Avoid complete restriction

‘Diets’ often indicate restrictions on particular foods or calorie intake.  Therefore it’s only natural that we decide we have to cut all ‘bad’ foods from our daily intake if we are going to reach our goals. It is common to try to remove ‘fat’ and ‘sugar’ and suddenly after a week or two ‘on track’ we crave that king size chocolate bar and large coke, devour it, then have more, and more, as we are ‘off the wagon’, resulting in giving up entirely. (What have we been taught about fat, sugar and calories?  What do they mean for our bodies? This is an entire blog on its own!). What’s important, is that we still – 

  • enjoy our food
  • allow ourselves ‘treats’
  • reassess what those look like and how they fit in with your day.

Small and realistic adaptations to what our body’s recognise and live off is key to any health change.

Request support

Now this can be a tough one, as we cannot necessarily control what is around us.  Throughout any life change, we need support.  That’s why coaches are so beneficial.  We do however require this support, for success, in our close network.  Do your closest friends, family, and day to day network support what you are doing?  We suggest you – 

  • take a look at who can help you
  • notice who understands your vision of where you are wanting to be
  • don’t be afraid to ask them for their understanding.

If they aren’t in the boat with you to change themselves, that is okay – this change is yours not theirs, you just need their backing.

Find what you enjoy

It’s important you keep the joy in your life in any health change! Personally, I am not a fan of kale, nor do I enjoy partaking in large team sports. If someone told me to take these on to get healthy, I wouldn’t be interested.  Ensure you – 

  • are honest with yourself on what you can do to change that is going to be enjoyable (most of the time)
  • start by looking at what healthy choices you are open to, and work from there
  • remind yourself that good food and exercise can be fun!

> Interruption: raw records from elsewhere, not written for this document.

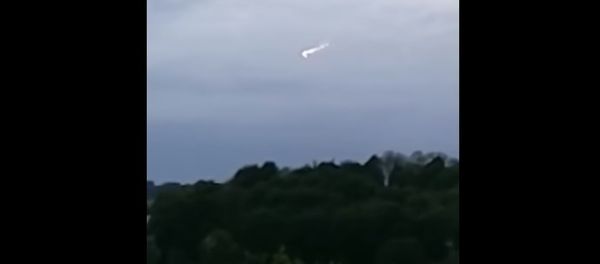 Strange White Fireball Seen Flying Through Sky Strange White Fireball Seen Flying Through Sky - Sputnik International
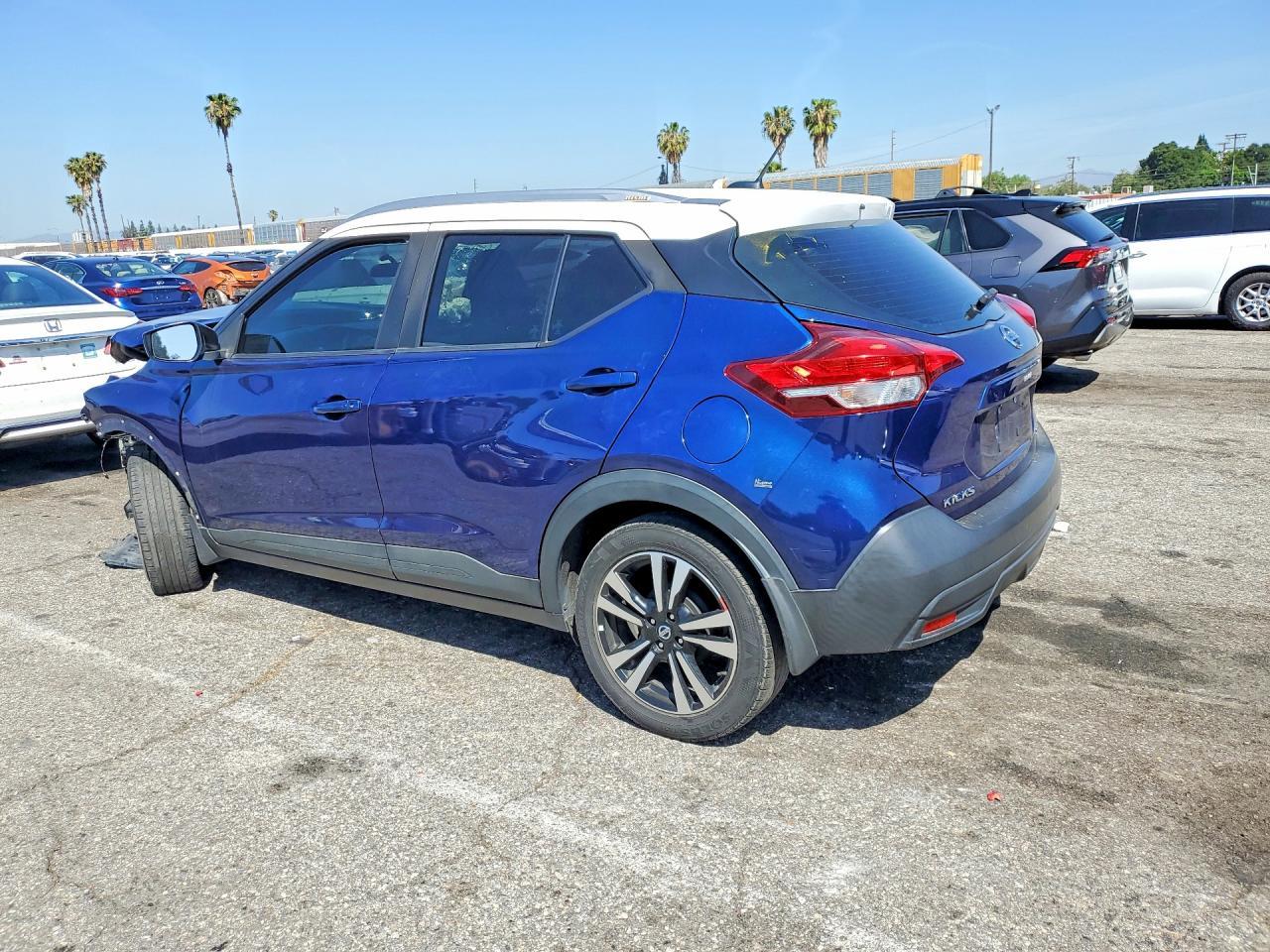 2018 Nissan Kicks Sv - Image 2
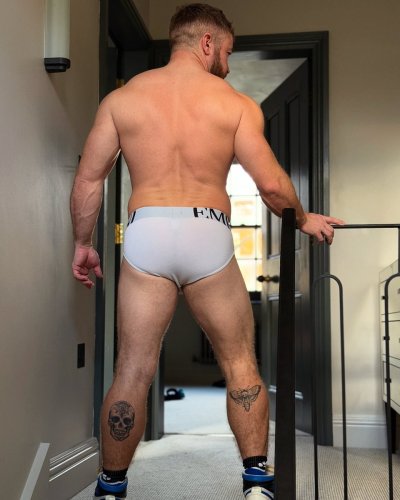 Watch Gabriel Cross's leaked NSFW photo on TwXstars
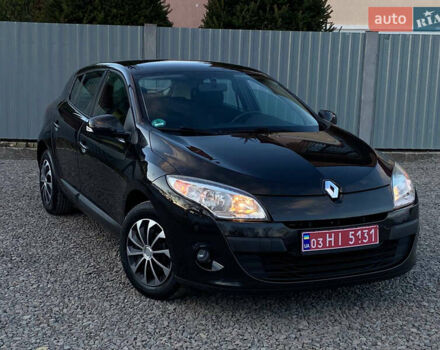 Рено Меган 2009 у Самборе на Automoto.ua Чорний Рено Меган, об'ємом двигуна 1.6 л та пробігом 208 тис. км за 6499 $, фото 2 на Automoto.ua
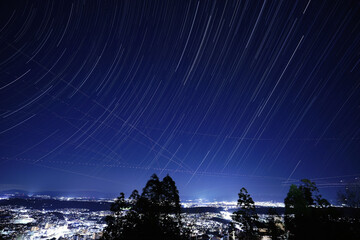 生駒市の夜景と星の光跡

There’s nothing more demotivating than being prescribed a list of items to eat, or ways to move that you find little to no enjoyment in.   It’s all about finding the right fit for you.

Be nice to yourself

There will be times when you may fail on your health change journey, and have to get back on track.  Try to avoid the voice inside your head telling you to give up, or that this is pointless.  We are human, we live busy lives, and it’s only natural that things will arise to throw us off the end game.  But stick to it!  It will get easier, and you will achieve your goal through persistence and self evaluation. Most of all, don’t forget to celebrate the victories by acknowledging your hard work and dedication.  You did this, imagine what you can achieve next!